Rachel White, of Lyndhurst, told the A&T that she saw the hounds chase the buck into Eyeworth Pond near Fritham. “It looked exhausted and terrified and ducks flew up in panic as the hounds swam across the pond after the buck. It tried to reach the island in the middle and I could see its head and antlers just above the water.
“The hounds were close behind it and hunt supporters lined the bank,” she continued. “I ran round the pond to where they were and the buck came straight towards me, staggering out of the pond. Two men grabbed it, pulled it towards the track and held it down for some time before it was shot. Men were whooping and hollering as it died”.

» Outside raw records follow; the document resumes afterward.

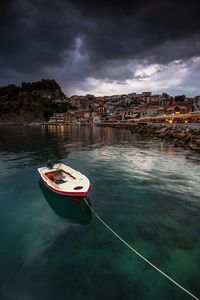 Boat moored on sea by town against sky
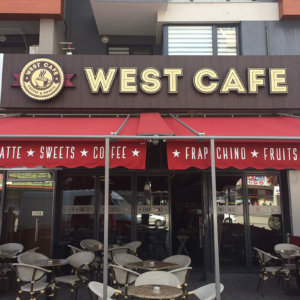 West Cafe -LED channel letters on wooden sign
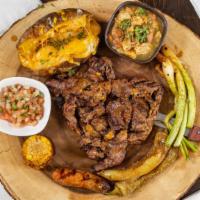 Carne Asada · Premium ribeye steak epazote marinated, charred chiles with charred Mexican green onions, an...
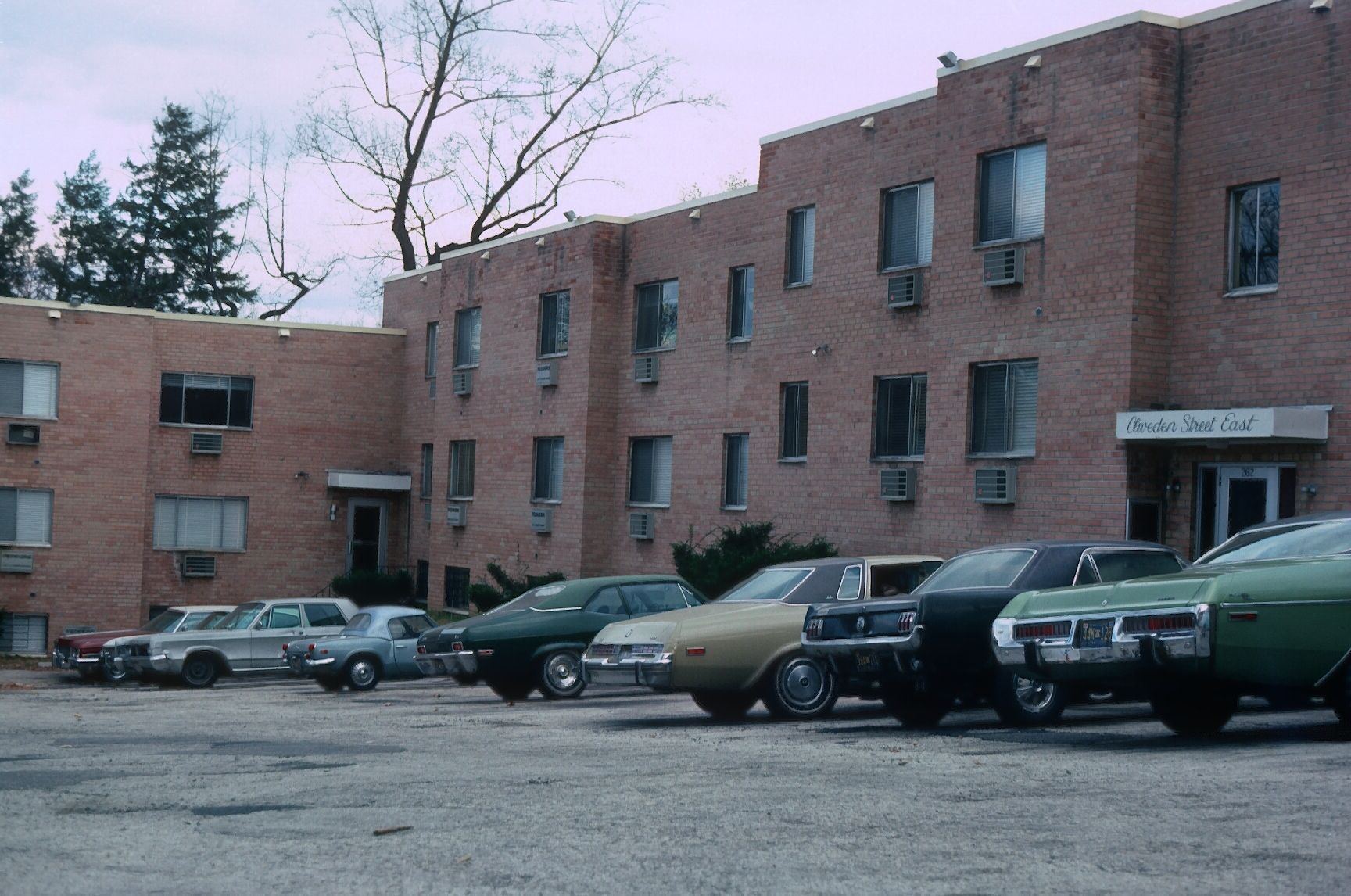 A brick apartment building with a parking lot containing several classic cars in front.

Hunt master Christine Compton explained that instead of standing at bay, the deer went into the water. “This is a most natural thing for a hunted deer to do if there is water nearby and that day was just the same as any ordinary hunting day. I have often seen deer roll in water – it is very natural.”
She refuted the claim that the deer was held down for some time: “It came ashore and was dispatched within seconds – the whole incident was over very quickly.”
25 YEARS AGO
HAMPSHIRE has been refused an increase in police officers by Home Secretary Michael Howard, although Home Office figures show that the county is the most undermanned in Britain.
Hampshire and the Isle of Wight had asked for funding for an extra 200 officers in 1994/95. Home Office guidelines show that the County is 223 officers short of Government manning targets.
The county’s Police Authority have attempted to make the best use of the officers they have by initiating a process of civilianisation, freeing an extra 100 officers from administrative posts and putting them back onto the street.
Although the Chief Constable of Hampshire John Hoddinott said that he was “naturally disappointed” by the Home Secretary’s decision, the Chairman of the Police Authority Coun. Matthew Clarke was more direct, saying that he was “dismayed” by the news.
“Hampshire is at the top of the national league of provincial forces with a shortfall of police officers” said Mr Clark, adding that even with officers “shaken out” by civilianisation, Hampshire would still be at a disadvantage compared to the rest of the country.
Crimes of almost every type in Hampshire have risen in recent years, some, such as burglary from residential houses, by over 50%. With juvenile crime, car crime, burglary and bail offending (some of which have been addressed by new Government legislation) still causing Hampshire police difficulties, the request for funding for more officers will almost certainly have to be made again next year, which will be the year that the Chancellor’s round of major cuts in public spending comes into force.